Un ecléctico que vive lejos quiere saber qué narices está ocurriendo en Cataluña, cuál es la rutina del hombre de la calle.

Pongamos, sí, eso es, pongamos que se llama Joana, como la primera esposa de Ausías March, para guardar, así, una identidad que no interesa/conviene desvelar. Es joven, guapa, lista. Se merece un príncipe o un dentista, que cantaba Lichis. Es catalana y –conjunción copulativa, importante- española. Quiere seguir siéndolo.

Paseamos por el centro de Barcelona pocas horas antes de que se confirme que Giménez Bartlett es la última ganadora del Planeta. Joana ejerce de Virgilio: esto es la plaza de Cataluña, y esto la rambla no sé cuál, y por aquí nació Serrat, y nunca he entrado en la Sagrada Familia, y cerca está el barrio judío, que es pequeñito. Varias decenas de personas se concentran frente a la sede de la Generalidad. Lucen canas, esteladas y una bandera negra que no conseguimos identificar –preparado para recibir el reproche de un tuitero ilustrado en tres, dos...
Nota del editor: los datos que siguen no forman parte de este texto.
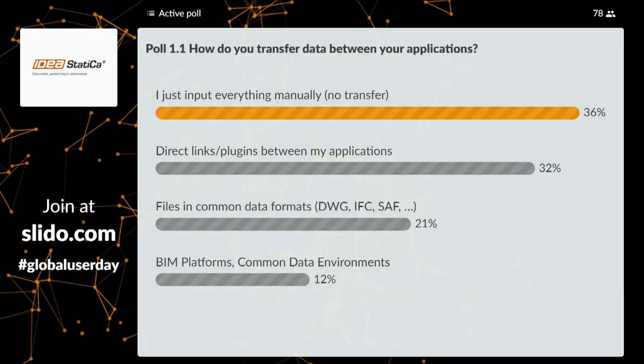The goal is to not lose any valuable information while maintaining complete control over your model. Meanwhile, the manual data entry poll percentage dropped from 50% to 36% during the discussion — which the team notes with enthusiasm. The conversation transitions to what IDEA Statica does in concrete.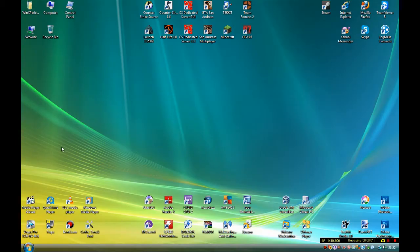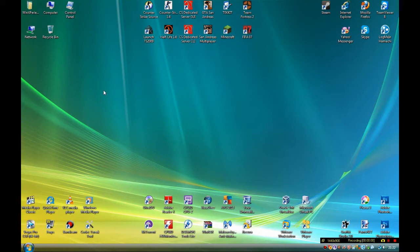Hello everybody, I'm WinExperience and today I'm going to show you how to make Windows Vista look like Windows 2000.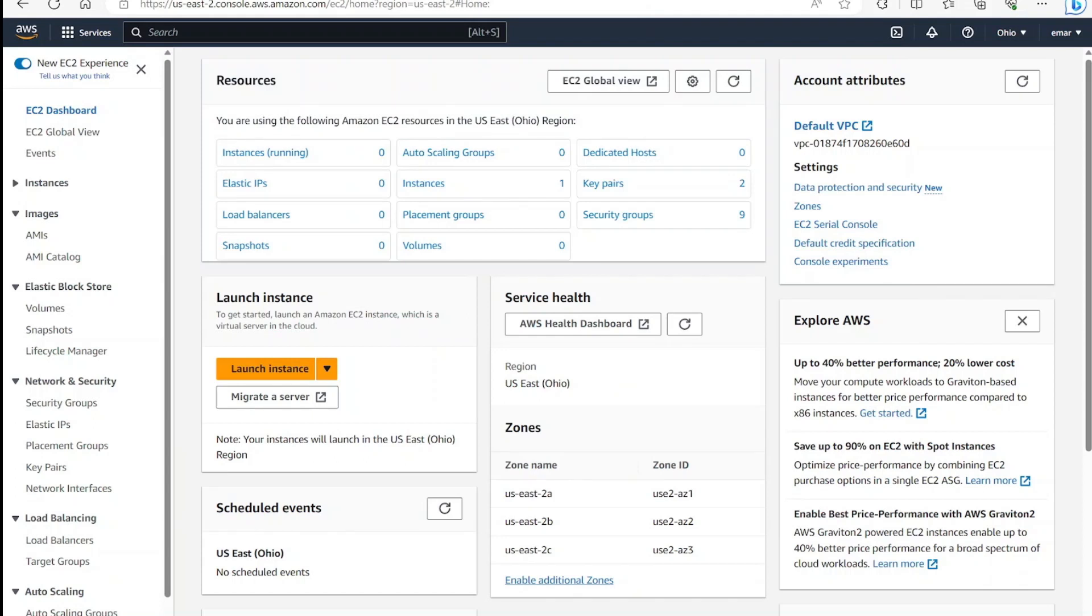What's up guys, welcome to my channel. In this video today, I will be sharing with you how you can create a SUSE Linux server on AWS.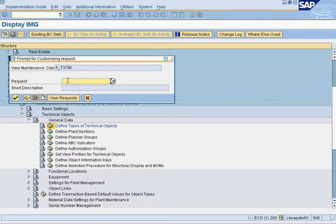It will ask you for a transport number. You could create a transport number or you could find an existing one.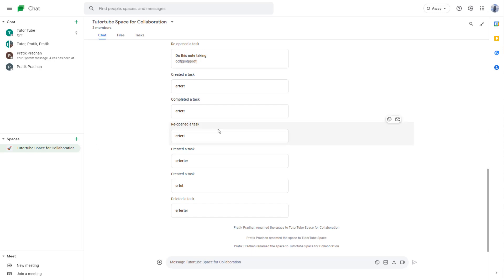And that is how you can rename a space and assign an emoji to space inside of Google Chat. So hope you guys learned something. As always, please like, comment, share, and subscribe.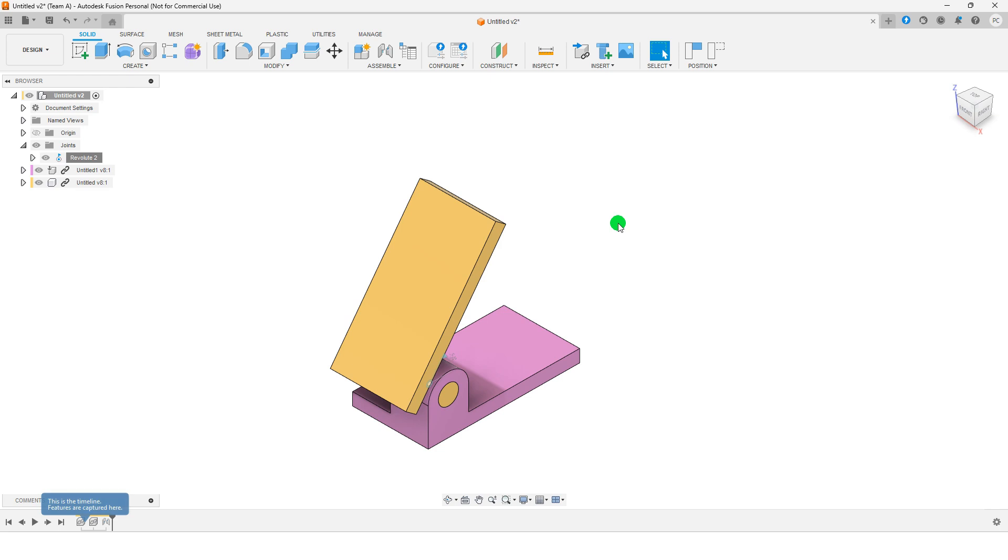That's how you use the Revolut joint in Fusion 360. It helps simulate rotational motion accurately. If you found this video helpful, don't forget to like and subscribe for more tutorials. See you in the next video. Goodbye!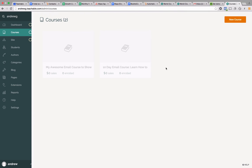This is going to be really exciting. We're going to go through how to set up your own email course using Teachable. What's really cool is that now you don't need any other software, any other plugins, any other tools to create your own email course. You can do it all right within Teachable using the new drip content feature.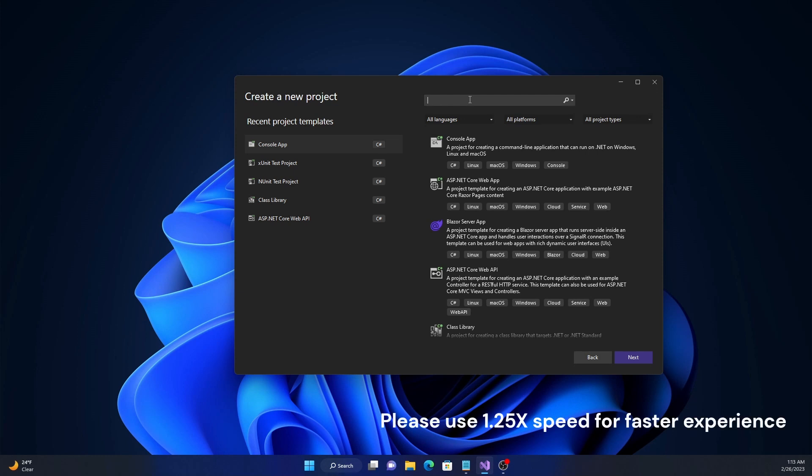MSTest is a test framework which can be used for unit testing. It is similar to NUnit or XUnit but has its own library.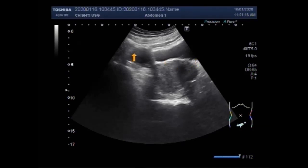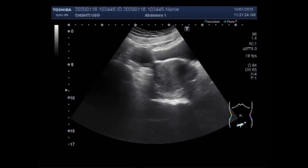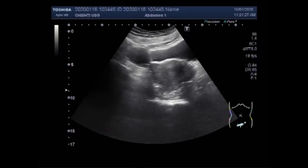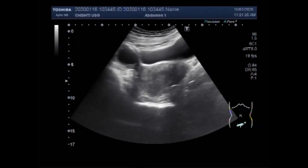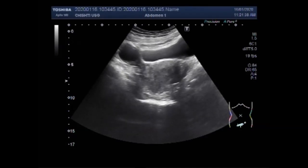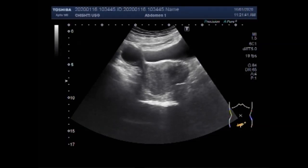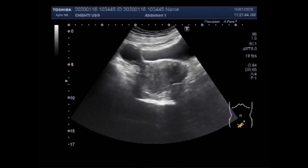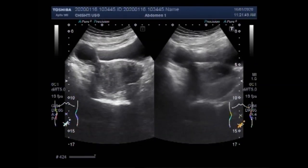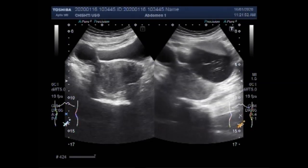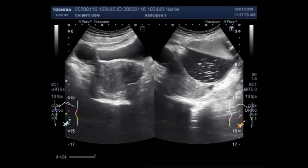This is the left ovarian cyst — it is a small follicular cyst, round to oval in shape, with clear fluid in its interior. You can also see that the uterus is retroverted. Now you can see a large left ovarian cyst having multiple internal echoes.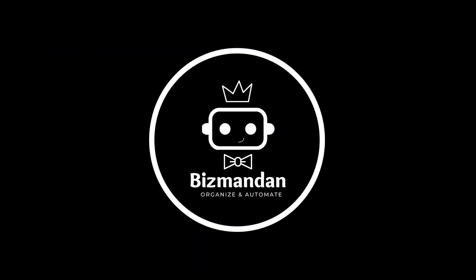Good energy, it's Bizman Dan back here with another video. In this video, I will teach you how to create SOPs in less than five minutes using a new software called Scribe. Let's get busy.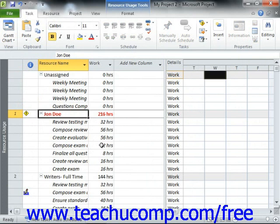One way to change resource allocation is to manually change the hours assigned to the selected resource, or to add additional work resources to the tasks to which the over-allocated resource has been assigned, thereby reducing the hours for the selected resource.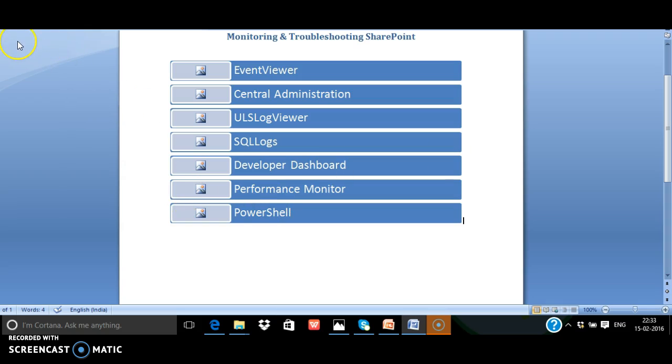For advanced troubleshooting, you can use tools like Fiddler or MDS from Microsoft. So thank you.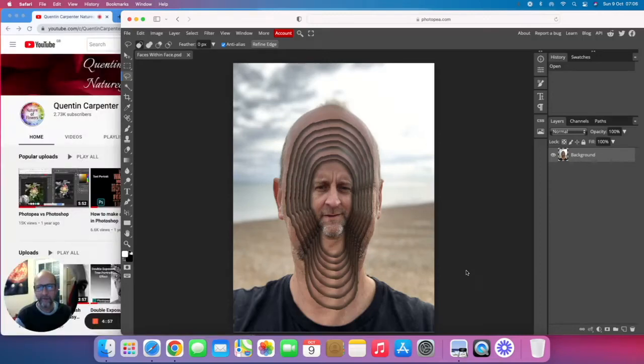Hi there and welcome to Quentin Carpenter's Nature of Flowers. Today we're going to be doing a PhotoP tutorial looking at one of these faces hidden within another face, within another face, within another face.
Nos sentamos en una terraza, pedimos dos cañas –qué cara es la cerveza en Barcelona, oyes, y encima no ponen tapa-, y hablamos de trabajos, de Umbral y de Gil de Biedma, de Madrid, de religión, etcétera. Le pregunto por lo que se está cociendo en Cataluña, su tierra. Porque en los periódicos aparecen unas cosas de "ay, madre", y, claro, entre que, por un lado, uno vive a seiscientos kilómetros, y, por otro, se define como ecléctico, quiere saber, de primera mano, de alguien de confianza, qué narices está ocurriendo en esta bendita región, cuál es la rutina del hombre de la calle.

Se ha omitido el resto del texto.